Relief! All I had to do was let them have a copy of my passport, fill out a form with name, address, etc., and she reached under the counter and presented me with my portfolio! I realized that they must have looked in and saw the hotel page in Japanese, with my name on it and on the other forms, and knew that when the doofy-looking foreigner with that name came blathering up to them, it had to belong to him!
So, now with everything I was supposed to have with me, double and triple checked every few feet, I got back to the train entrance. There, I showed one of the train personnel my ticket and explained that I had gone back, and before I finished, she let me through the gate and back into the station! Now, with minutes to go, I raced (as well as one can race with lots of luggage) back down the escalator to the train platform, extracted the hotel paperwork from the portfolio, and securely stowed the portfolio away into the sport bag! Just as I zipped it closed, the train arrived, and I struggled aboard to stow my stuff!
The rest of the trip down to Tokyo was uneventful, and when I got to Tokyo Station my friend John had sent me a text suggesting taking a cab at Tokyo station instead of the subway to the hotel in Monzennakacho. Turned out to be good advice, as I would not have been able to make it up the stairs at the Monzennakacho subway station with all the stuff I had, and then walk to the hotel. The cab driver didn’t speak any English, but I knew enough to understand that he needed a map to the hotel. Such a map was on the hotel information page I had printed out, so he used that address and map to enter into the GPS, so it could get the right path to the hotel! I love living in the 21st Century!
Once safely checked into the hotel, I gave my friend John a text while he was at Tokyo Sky Tree, letting him know I was in, since he was in the same hotel. I told him to either knock on the door or text me, as I was going to take a short nap. Well, that “short nap” ended up being about 4 hours, as no knock on the door was going to wake me! I basically slept through dinner time, and finally woke up about 9:30. I did get hold of John, and we decided to wander out into the neighborhood that we knew, went down the street to the Eitai Bridge, where I got some shots of the Sky Tree lit up at night. That tower is the tallest free-standing tower in the world, and it definitely looks it, even 15 kilometers away! I think my pictures came out all right, for the most part.
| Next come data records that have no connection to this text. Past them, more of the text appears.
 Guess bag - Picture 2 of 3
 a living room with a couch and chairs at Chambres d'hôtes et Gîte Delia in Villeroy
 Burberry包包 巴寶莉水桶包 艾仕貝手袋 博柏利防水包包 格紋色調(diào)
After taking more pictures around the bridge, I felt like going back to the hotel, to finish sleeping. I stopped at a convenience store (called a “combini” in Japanese borrowed-word-ish) and picked up a cup of yogurt and a bottle of my favorite milk tea, intending to eat it for late night snack. Biology took over, and I managed to drink the tea before zonking out yet again. Of course, I had to wake back up at 4:45 AM, unable to get back to sleep. So, naturally I updated Facebook, checked my email, took a shower, and finally ate my “midnight snack” for breakfast.
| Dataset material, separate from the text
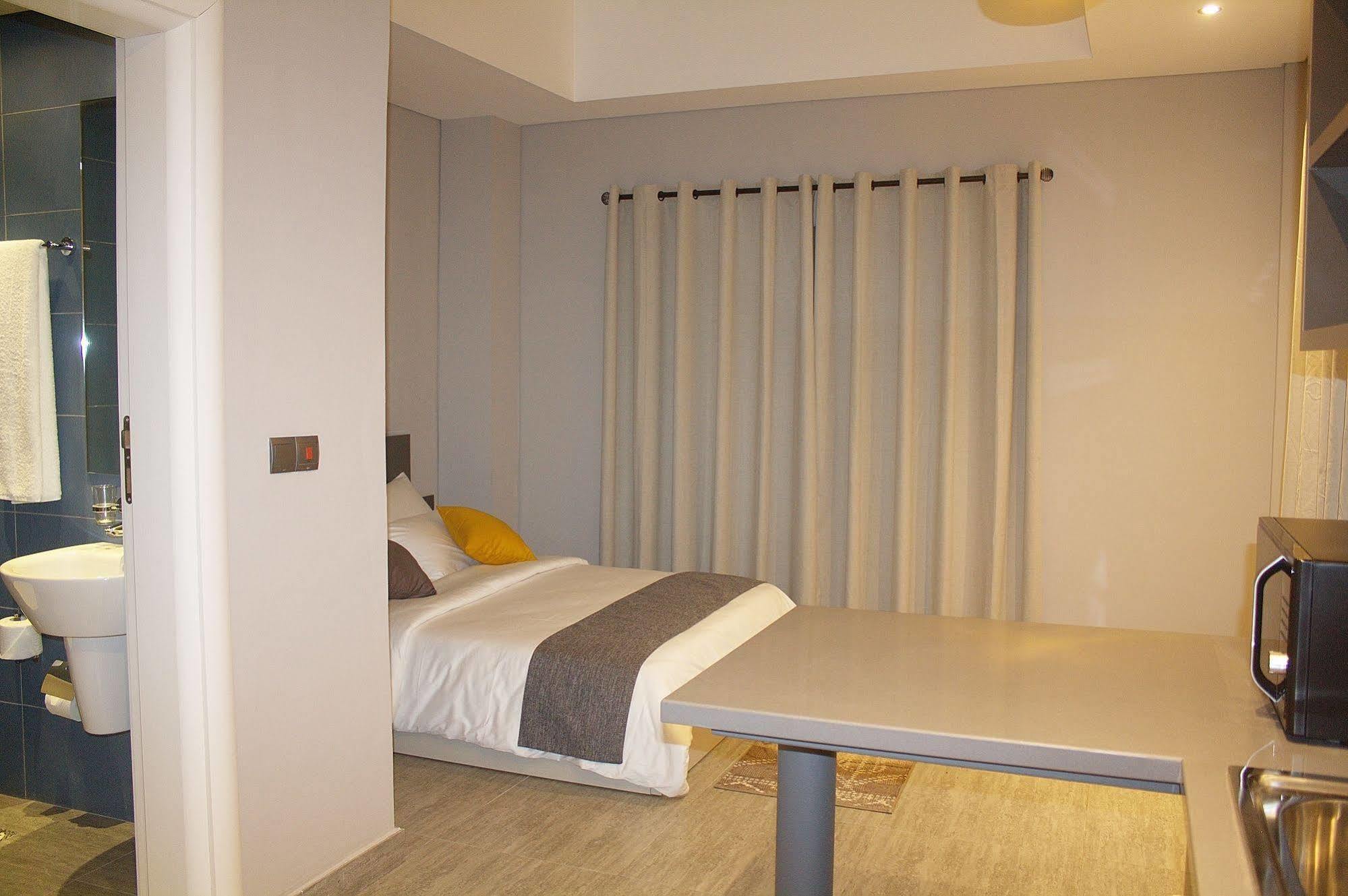 Urbano Hotel By Roots Wiaboman エクステリア 写真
Hmm, I wasn’t going to count that day as “Day 1” since I spent about 14 hours of it on a plane, but I suppose I will, now that I wrote up so much about it. Okay, today, Monday, the day I went down to get my apartment key and pay the rent for the month, this will be “Day 2”, which I will write up about tomorrow, “Day 3”. And since I’m actually 12 hours ahead of everyone there, it will actually be “Day 2”!!